Re: [PATCH] PCI: hv: Do not set PCI_COMMAND_MEMORY to reduce VM boot time

From: Bjorn Helgaas
Date: Thu Apr 28 2022 - 15:12:25 EST

On Tue, Apr 26, 2022 at 07:25:43PM +0000, Jake Oshins wrote:
> > From my reading of the core PCI code, it looks like this should be safe.

I don't know much about Hyper-V, but in general I don't think the PCI
core should turn on PCI_COMMAND_MEMORY at all unless a driver requests
it. I assume that if a guest OS depends on PCI_COMMAND_MEMORY being
set, guest firmware would take care of setting it.

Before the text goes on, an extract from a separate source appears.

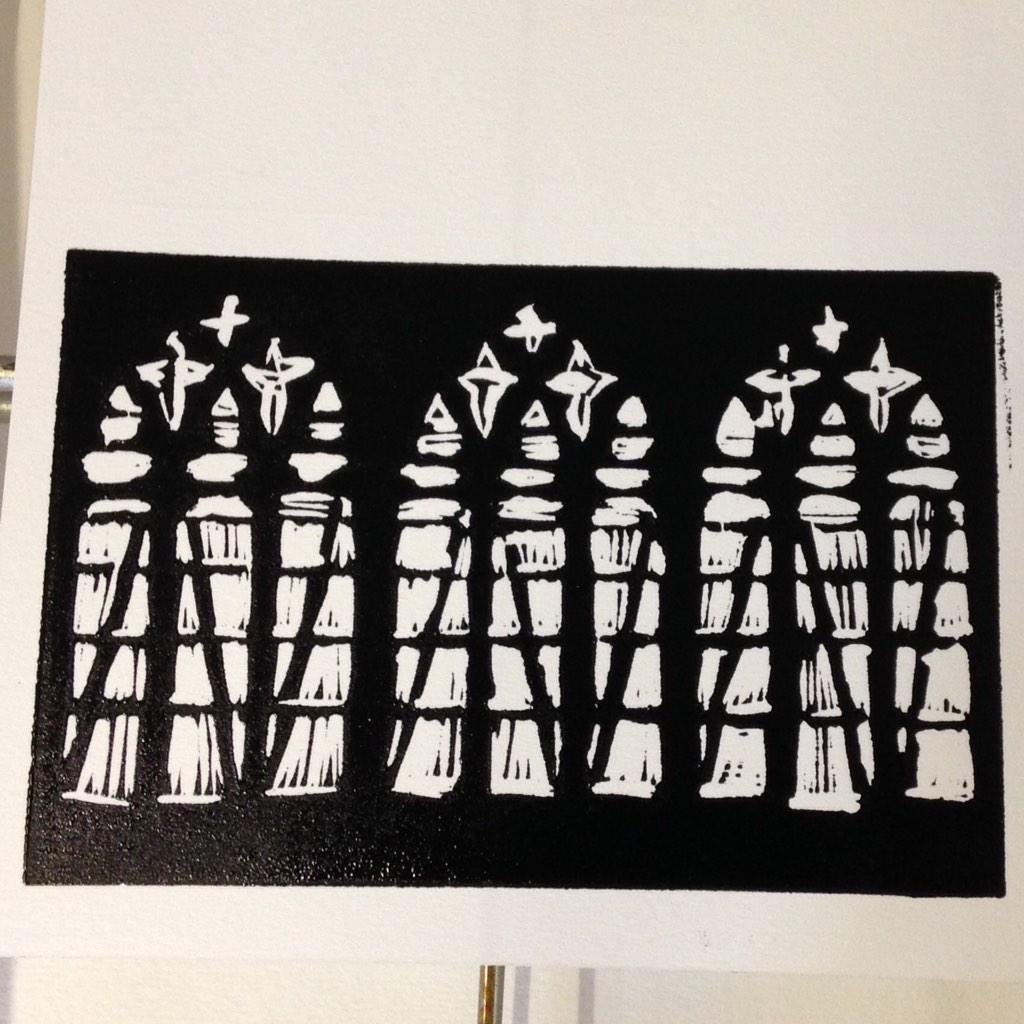 Mintprint's tweet photo. I taught a lino cut Christmas cards workshop @wyprintworkshop  their work was fab! http://t.co/kJKP8Oimyn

> > Jake has some concerns that I don't quite follow.
> > @Jake, could you please explain the concerns with more details?
> First, let me say that I really don't know whether this is an issue.
> I know it's an issue with other operating system kernels. I'm
> curious whether the Linux kernel / Linux PCI driver would behave in
> a way that has an issue here.
> The VM has a window of address space into which it chooses to put
> PCI device's BARs. The guest OS will generally pick the value that
> is within the BAR, by default, but it can theoretically place the
> device in any free address space. The subset of the VM's memory
> address space which can be populated by devices' BARs is finite, and
> generally not particularly large.
> Imagine a VM that is configured with 25 NVMe controllers, each of
> which requires 64KiB of address space. (This is just an example.)
> At first boot, all of these NVMe controllers are packed into address
> space, one after the other.
> While that VM is running, one of the 25 NVMe controllers fails and
> is replaced with an NVMe controller from a separate manufacturer,
> but this one requires 128KiB of memory, for some reason. Perhaps it
> implements the "controller buffer" feature of NVMe. It doesn't fit
> in the hole that was vacated by the failed NVMe controller, so it
> needs to be placed somewhere else in address space. This process
> continues over months, with several more failures and replacements.
> Eventually, the address space is very fragmented.
> At some point, there is an attempt to place an NVMe controller into
> the VM but there is no contiguous block of address space free which
> would allow that NVMe controller to operate. There is, however,
> enough total address space if the other, currently functioning, NVMe
> controllers are moved from the address space that they are using to
> other ranges, consolidating their usage and reducing fragmentation.
> Let's call this a rebalancing of memory resources.
> When the NVMe controllers are moved, a new value is written into
> their BAR. In general, the PCI spec would require that you clear
> the memory enable bit in the command register (PCI_COMMAND_MEMORY)
> during this move operation, both so that there's never a moment when
> two devices are occupying the same address space and because writing
> a 64-bit BAR atomically isn't possible. This is the reason that I
> originally wrote the code in this driver to unmap the device from
> the VM's address space when the memory enable bit is cleared.
> What I don't know is whether this sequence of operations can ever
> happen in Linux, or perhaps in a VM running Linux. Will it
> rebalance resources in order to consolidate address space? If it
> will, will this involve clearing the memory enable bit to ensure
> that two devices never overlap?

This sequence definitely can occur in Linux, but it hasn't yet become
a real priority. But we do already have issues with assigning space
for hot-added devices in general, especially if firmware hasn't
assigned large windows to things like Thunderbolt controllers. I
suspect that we have or will soon have issues where resource
assignment starts failing after a few hotplugs, e.g., dock/undock

There have been patches posted to rebalance resources (quiesce
drivers, reassign, restart drivers), but they haven't gone anywhere
yet for lack of interest and momentum. I do feel like we're the
tracks and the train is coming, though ;)